**TASK ITEM:**
Once you reach the line with "Idriz Seferi together" below, copy each line exactly, stopping after the line with "Chicken Pho with Shallot Chutney", and skip any pictures.

**SUPPLIED RECORDS:**
◇ ◇ ◇ ◇

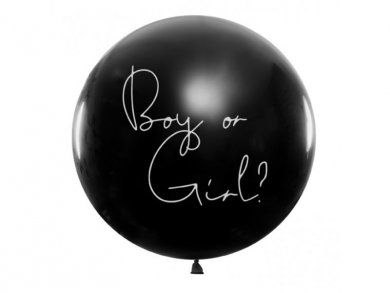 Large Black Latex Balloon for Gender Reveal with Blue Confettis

◇ ◇ ◇ ◇

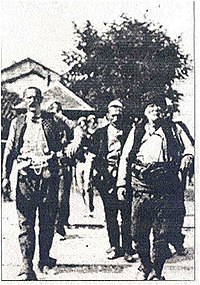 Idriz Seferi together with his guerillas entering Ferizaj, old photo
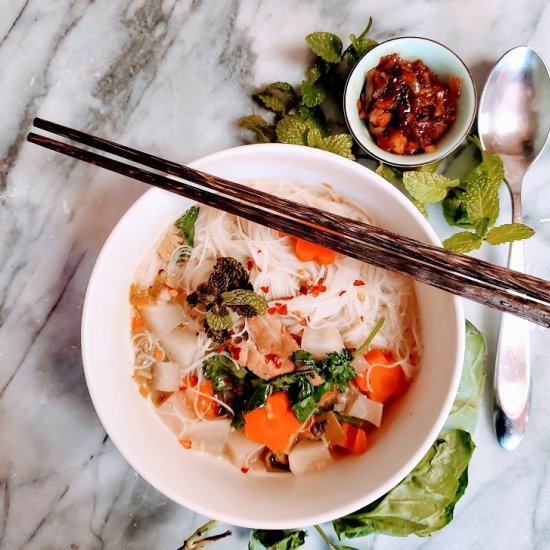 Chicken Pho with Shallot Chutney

◇ ◇ ◇ ◇

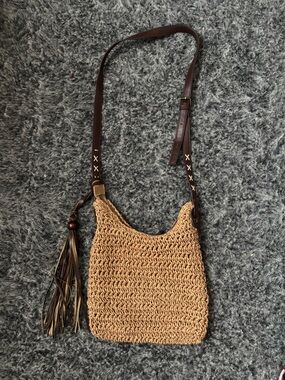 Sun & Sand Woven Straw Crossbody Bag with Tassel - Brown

◇ ◇ ◇ ◇

**WRITTEN SOLUTION:**
 Idriz Seferi together with his guerillas entering Ferizaj, old photo
 Chicken Pho with Shallot Chutney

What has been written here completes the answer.